The 4th Army () was a field army of the Wehrmacht during World War II.

Invasions of Poland and France
The 4th Army was activated on 1 August 1939 with General Günther von Kluge in command. It took part in the Invasion of Poland of September 1939 as part of Army Group North, which was under Field Marshal Feodor von Bock. The 4th Army contained the II Corps and III Corps, each with two infantry divisions, the XIX Corps with two motorized and one panzer divisions, and three other divisions, including two in reserve. Its objective was to capture the Polish Corridor, thus linking mainland Germany with East Prussia.

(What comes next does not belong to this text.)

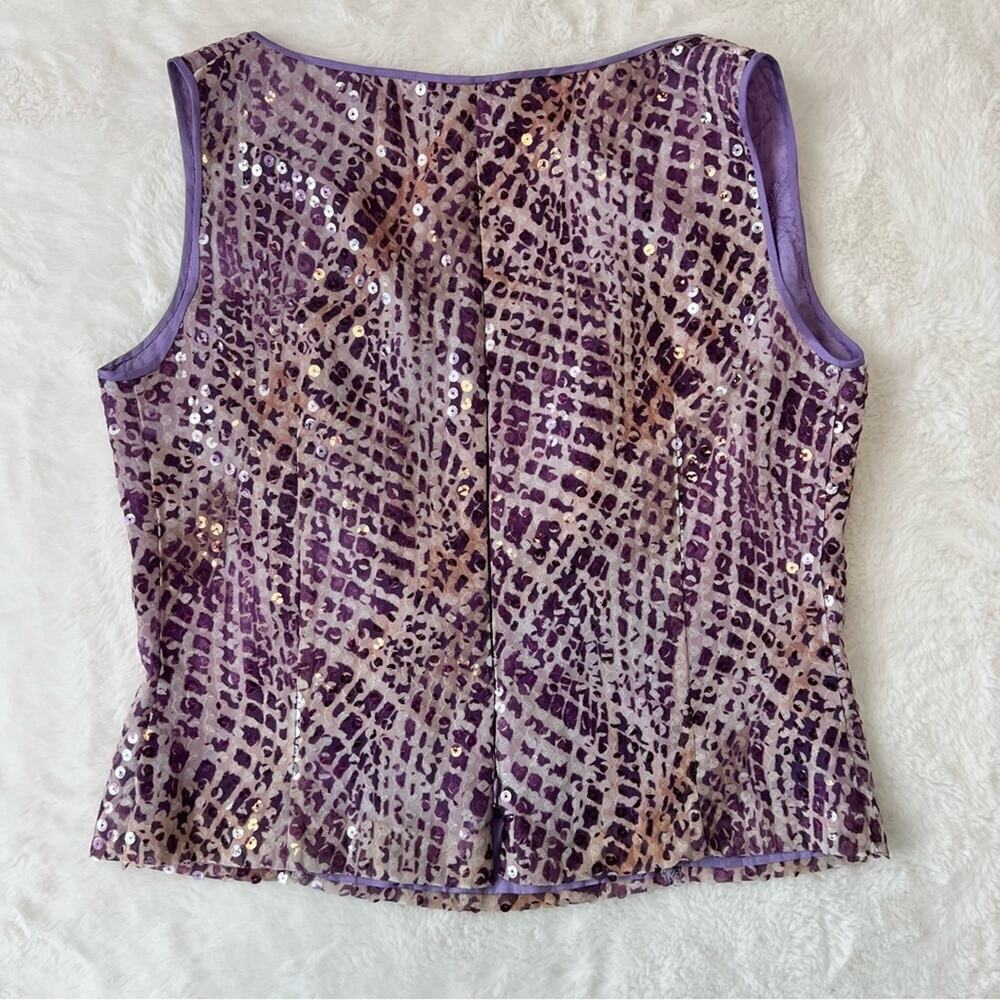 Javier Larrainzar Purple Sequin Two Piece Set Top Skirt Couture Evening Sz 12 - Picture 4 of 14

During the attack on the Low Countries and France, the 4th Army, as part of Field Marshal Gerd von Rundstedt's Army Group A, invaded Belgium from the Rhineland.  Along with other German armies, the 4th Army penetrated the Dyle Line and completed the trapping of the Allied forces in France. The then Major-General Erwin Rommel, who was under Kluge, contributed immensely to his victories.  Kluge, who had been General of the Artillery, was promoted to Field Marshal along with many others on 19 July 1940.

Operation Barbarossa
The 4th Army took part in Operation Barbarossa in 1941 as part of Fedor von Bock's Army Group Center and took part in the Battle of Minsk and the Battle of Smolensk. In the aftermath of the German failure in the Battle of Moscow, Fedor von Bock was relieved of his command of Army Group Center on 18 December. Kluge was promoted to replace him. General Ludwig Kübler assumed command of the 4th Army.

After the launching of Operation Blue, the 4th Army and the entire Army Group Center did not see much action, as troops were concentrated to the south. From 1943 on, the 4th Army was in retreat along with other formations of Army Group Center. The Red Army's campaign of autumn 1943, Operation Suvorov (also known as the "battle of the highways"), saw the 4th Army pushed back towards Orsha. Between October and the first week of December, Western Front had tried four times to take Orsha and had been beaten off in furious battles by Fourth Army.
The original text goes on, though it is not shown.